++++ DATASET RECORDS ++++

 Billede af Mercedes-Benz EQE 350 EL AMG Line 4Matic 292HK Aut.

++++
++++ DATASET RECORDS ++++

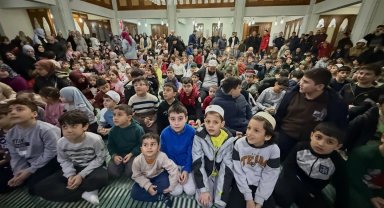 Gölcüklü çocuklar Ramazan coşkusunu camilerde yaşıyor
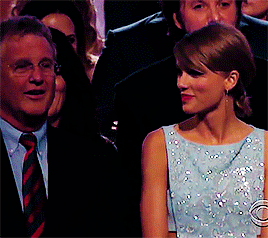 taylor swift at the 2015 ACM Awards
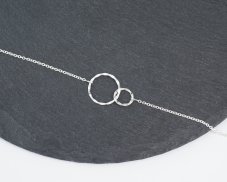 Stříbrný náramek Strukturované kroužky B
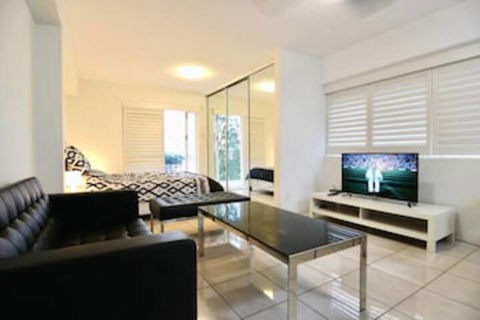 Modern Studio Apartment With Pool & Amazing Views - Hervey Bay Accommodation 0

++++

Starting with the line above that holds "Stříbrný náramek Strukturované kroužky B", restate each line word for word up to and including the line that holds "Modern Studio Apartment". Drop the pictures.

 Stříbrný náramek Strukturované kroužky B
 Modern Studio Apartment With Pool & Amazing Views - Hervey Bay Accommodation 0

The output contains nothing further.